In [None]:
import requests

try:
  with open("in.dta", "x") as infile:
    request_in = requests.get("http://work.caltech.edu/data/in.dta")
    infile.write(request_in.text)
    print("Downloaded training data")
except FileExistsError as e:
  print("Training data already downloaded")

try:
  outfile = open("out.dta", "x")
  request_out = requests.get("http://work.caltech.edu/data/out.dta")
  outfile.write(request_out.text)
  print("Downloaded test data")
except FileExistsError as e:
  print("Test data already downloaded")

Downloaded training data
Downloaded test data


In [None]:
import numpy as np
import matplotlib.pyplot as plt

train_data = np.loadtxt("in.dta")
test_data = np.loadtxt("out.dta")

trainX, trainY = train_data[:, :2], train_data[:, 2]
testX, testY = test_data[:, :2], test_data[:, 2]
trainN, testN = trainX.shape[0], testX.shape[0]

def transform(X):
  x_1 = X[:, 0]
  x_2 = X[:, 1]
  ones = np.ones_like(x_1)
  newX = np.column_stack([ones, x_1, x_2, x_1**2, x_2**2, x_1 * x_2, abs(x_1 - x_2), abs(x_1 + x_2)])
  return newX

def error(X, Y, w, N):
  err = 0
  z = transform(X)

  for i in range(N):
    predict = np.sign(np.dot(w.T, z[i]))
    actual = Y[i]
    if predict != actual:
      err += 1

  return err / N

def train_and_find_error(k):
  l = 10 ** k
  transform_len = 8

  trainX_transform = transform(trainX)
  X_transpose = np.transpose(trainX_transform)
  X_transpose_X = np.matmul(X_transpose, trainX_transform)
  X_inverse = np.linalg.inv(X_transpose_X + l * np.eye(transform_len))
  X_dagger = np.matmul(X_inverse, X_transpose)
  w = np.matmul(X_dagger, trainY)

  print("k:", k)
  print("In Sample Error:", error(trainX, trainY, w, trainN))
  print("Out Sample Error:", error(testX, testY, w, testN))
  print("______________________")

In [None]:
transform_len = 8

trainX_transform = transform(trainX)
X_transpose = np.transpose(trainX_transform)
X_transpose_X = np.matmul(X_transpose, trainX_transform)
X_inverse = np.linalg.inv(X_transpose_X)
X_dagger = np.matmul(X_inverse, X_transpose)
w = np.matmul(X_dagger, trainY)

print("In Sample Error:", error(trainX, trainY, w, trainN))
print("Out Sample Error:", error(testX, testY, w, testN))

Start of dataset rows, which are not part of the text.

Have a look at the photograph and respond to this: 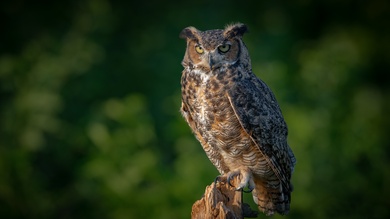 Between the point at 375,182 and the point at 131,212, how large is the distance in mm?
2308

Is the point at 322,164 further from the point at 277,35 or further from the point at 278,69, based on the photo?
the point at 277,35

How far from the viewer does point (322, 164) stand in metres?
6.88

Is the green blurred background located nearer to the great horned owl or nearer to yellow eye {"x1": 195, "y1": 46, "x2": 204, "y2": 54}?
the great horned owl

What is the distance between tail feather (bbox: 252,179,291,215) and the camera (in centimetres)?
432

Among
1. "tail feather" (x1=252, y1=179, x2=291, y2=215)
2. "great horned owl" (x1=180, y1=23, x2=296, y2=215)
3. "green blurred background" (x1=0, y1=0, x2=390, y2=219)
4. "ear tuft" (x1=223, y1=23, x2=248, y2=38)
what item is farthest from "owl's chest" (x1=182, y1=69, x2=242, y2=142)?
"green blurred background" (x1=0, y1=0, x2=390, y2=219)

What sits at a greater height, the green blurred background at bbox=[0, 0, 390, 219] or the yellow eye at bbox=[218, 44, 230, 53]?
the green blurred background at bbox=[0, 0, 390, 219]

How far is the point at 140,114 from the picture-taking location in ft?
22.0

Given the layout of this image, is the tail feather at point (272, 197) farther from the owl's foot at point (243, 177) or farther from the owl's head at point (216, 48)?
the owl's head at point (216, 48)

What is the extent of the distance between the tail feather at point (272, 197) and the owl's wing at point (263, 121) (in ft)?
0.24

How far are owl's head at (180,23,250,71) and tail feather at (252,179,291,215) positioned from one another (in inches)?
29.9

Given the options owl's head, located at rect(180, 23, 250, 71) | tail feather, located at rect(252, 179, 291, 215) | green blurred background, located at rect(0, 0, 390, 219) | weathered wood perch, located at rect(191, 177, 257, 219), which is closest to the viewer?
weathered wood perch, located at rect(191, 177, 257, 219)

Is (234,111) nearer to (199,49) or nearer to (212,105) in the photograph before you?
(212,105)

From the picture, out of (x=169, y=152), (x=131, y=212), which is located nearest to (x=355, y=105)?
(x=169, y=152)

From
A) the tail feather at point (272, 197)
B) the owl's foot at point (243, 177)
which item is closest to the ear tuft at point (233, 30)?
the owl's foot at point (243, 177) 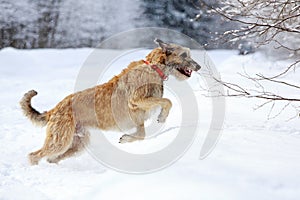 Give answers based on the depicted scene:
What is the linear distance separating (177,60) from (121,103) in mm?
956

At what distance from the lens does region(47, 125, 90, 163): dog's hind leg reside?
6.00 meters

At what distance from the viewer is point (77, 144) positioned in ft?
20.0

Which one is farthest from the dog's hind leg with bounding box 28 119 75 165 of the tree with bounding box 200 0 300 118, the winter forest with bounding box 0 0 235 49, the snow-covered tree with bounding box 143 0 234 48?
the snow-covered tree with bounding box 143 0 234 48

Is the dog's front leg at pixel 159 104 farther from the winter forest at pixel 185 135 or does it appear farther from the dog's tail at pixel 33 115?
the dog's tail at pixel 33 115

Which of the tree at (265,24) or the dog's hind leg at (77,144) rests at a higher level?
the tree at (265,24)

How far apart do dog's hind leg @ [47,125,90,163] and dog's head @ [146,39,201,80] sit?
58.5 inches

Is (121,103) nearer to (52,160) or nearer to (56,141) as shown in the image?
(56,141)

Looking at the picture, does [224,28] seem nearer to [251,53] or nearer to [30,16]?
[251,53]

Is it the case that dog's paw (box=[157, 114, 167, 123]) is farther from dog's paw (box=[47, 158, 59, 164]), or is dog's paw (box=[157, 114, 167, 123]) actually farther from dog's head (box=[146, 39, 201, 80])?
dog's paw (box=[47, 158, 59, 164])

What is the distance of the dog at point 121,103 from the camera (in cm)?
570

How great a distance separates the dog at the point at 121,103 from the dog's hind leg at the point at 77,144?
0.05ft

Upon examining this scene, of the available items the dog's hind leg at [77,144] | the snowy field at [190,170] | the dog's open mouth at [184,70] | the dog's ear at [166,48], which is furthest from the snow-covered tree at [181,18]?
the dog's hind leg at [77,144]

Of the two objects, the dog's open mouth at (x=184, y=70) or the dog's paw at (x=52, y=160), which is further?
the dog's paw at (x=52, y=160)

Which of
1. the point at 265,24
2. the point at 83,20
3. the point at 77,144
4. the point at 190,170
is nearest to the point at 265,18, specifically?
the point at 265,24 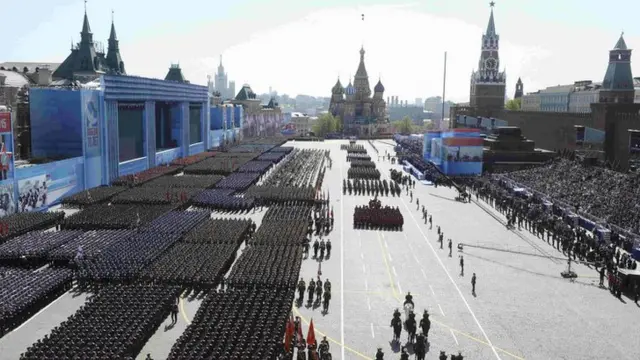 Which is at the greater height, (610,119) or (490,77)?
(490,77)

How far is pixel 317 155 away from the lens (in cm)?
7738

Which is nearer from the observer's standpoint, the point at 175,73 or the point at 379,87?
the point at 175,73

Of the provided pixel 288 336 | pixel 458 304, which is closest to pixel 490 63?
pixel 458 304

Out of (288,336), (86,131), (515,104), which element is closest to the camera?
(288,336)

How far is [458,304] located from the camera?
69.0ft

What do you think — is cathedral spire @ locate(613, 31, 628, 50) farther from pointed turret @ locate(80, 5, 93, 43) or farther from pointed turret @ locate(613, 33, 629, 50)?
pointed turret @ locate(80, 5, 93, 43)

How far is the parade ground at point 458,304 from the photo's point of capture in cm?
1731

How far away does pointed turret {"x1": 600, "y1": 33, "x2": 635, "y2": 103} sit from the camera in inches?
2051

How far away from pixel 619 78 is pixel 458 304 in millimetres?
40879

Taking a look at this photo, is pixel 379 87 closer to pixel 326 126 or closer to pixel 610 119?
pixel 326 126

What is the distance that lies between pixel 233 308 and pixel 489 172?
44738 mm

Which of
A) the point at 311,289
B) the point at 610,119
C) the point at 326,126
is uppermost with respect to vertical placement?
the point at 610,119

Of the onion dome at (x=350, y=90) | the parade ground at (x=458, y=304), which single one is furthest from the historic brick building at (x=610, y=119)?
the onion dome at (x=350, y=90)

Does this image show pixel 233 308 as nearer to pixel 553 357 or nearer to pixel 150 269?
pixel 150 269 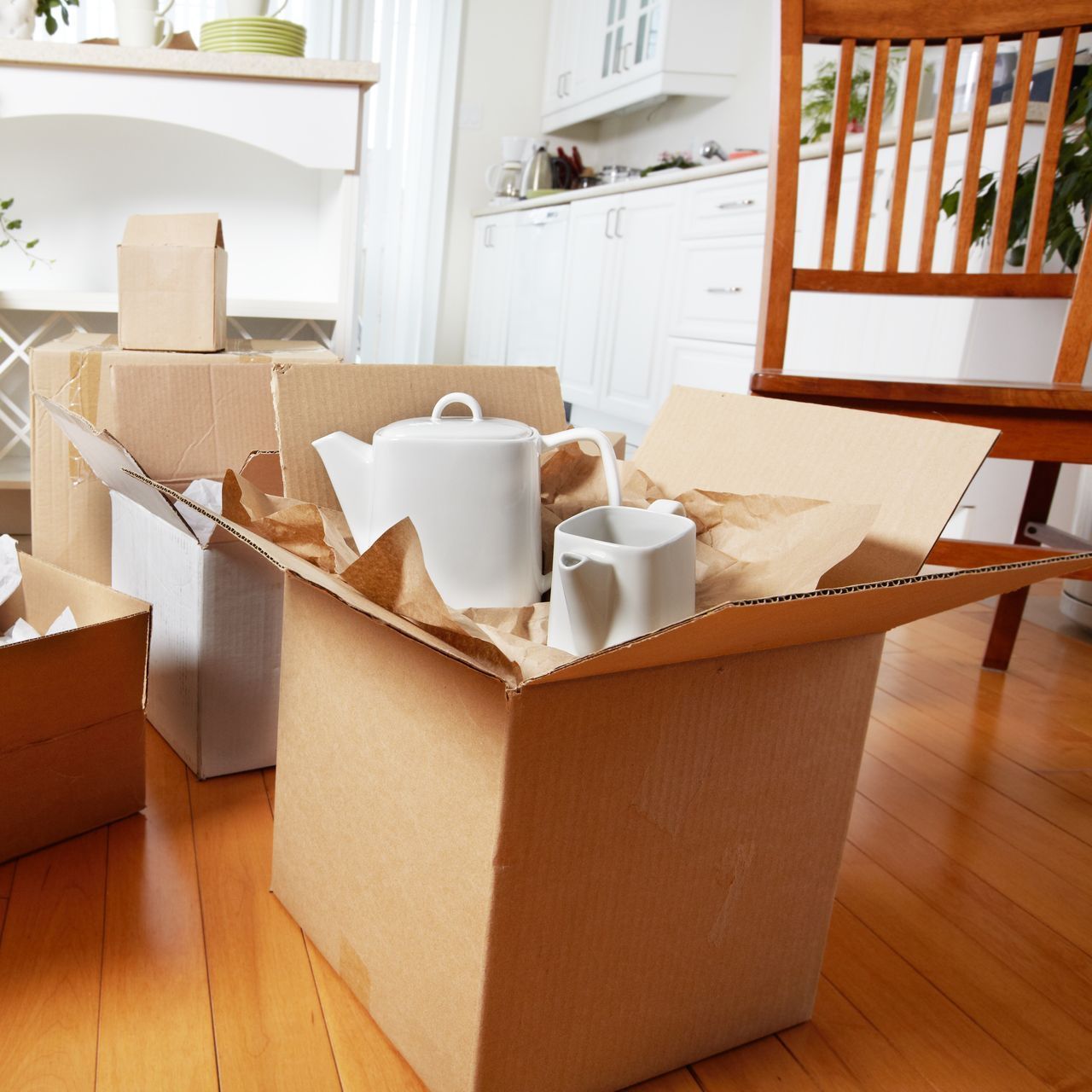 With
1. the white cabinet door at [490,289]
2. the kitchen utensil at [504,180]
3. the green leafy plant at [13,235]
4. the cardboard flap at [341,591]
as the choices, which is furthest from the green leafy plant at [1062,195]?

In Sample Error: 0.02857142857142857
Out Sample Error: 0.084


In [None]:
train_and_find_error(-3)

k: -3
In Sample Error: 0.02857142857142857
Out Sample Error: 0.08
______________________


In [None]:
train_and_find_error(3)

k: 3
In Sample Error: 0.37142857142857144
Out Sample Error: 0.436
______________________


In [None]:
for i in range(-2, 3):
  train_and_find_error(i)

k: -2
In Sample Error: 0.02857142857142857
Out Sample Error: 0.084
______________________
k: -1
In Sample Error: 0.02857142857142857
Out Sample Error: 0.056
______________________
k: 0
In Sample Error: 0.0
Out Sample Error: 0.092
______________________
k: 1
In Sample Error: 0.05714285714285714
Out Sample Error: 0.124
______________________
k: 2
In Sample Error: 0.2
Out Sample Error: 0.228
______________________


Since k = -3 is under regularizing and k = 3 is over regularizing, we test the integer values between -3 and 3.

In [None]:
for i in range(-2, 3):
  train_and_find_error(i)

k: -2
In Sample Error: 0.02857142857142857
Out Sample Error: 0.084
______________________
k: -1
In Sample Error: 0.02857142857142857
Out Sample Error: 0.056
______________________
k: 0
In Sample Error: 0.0
Out Sample Error: 0.092
______________________
k: 1
In Sample Error: 0.05714285714285714
Out Sample Error: 0.124
______________________
k: 2
In Sample Error: 0.2
Out Sample Error: 0.228
______________________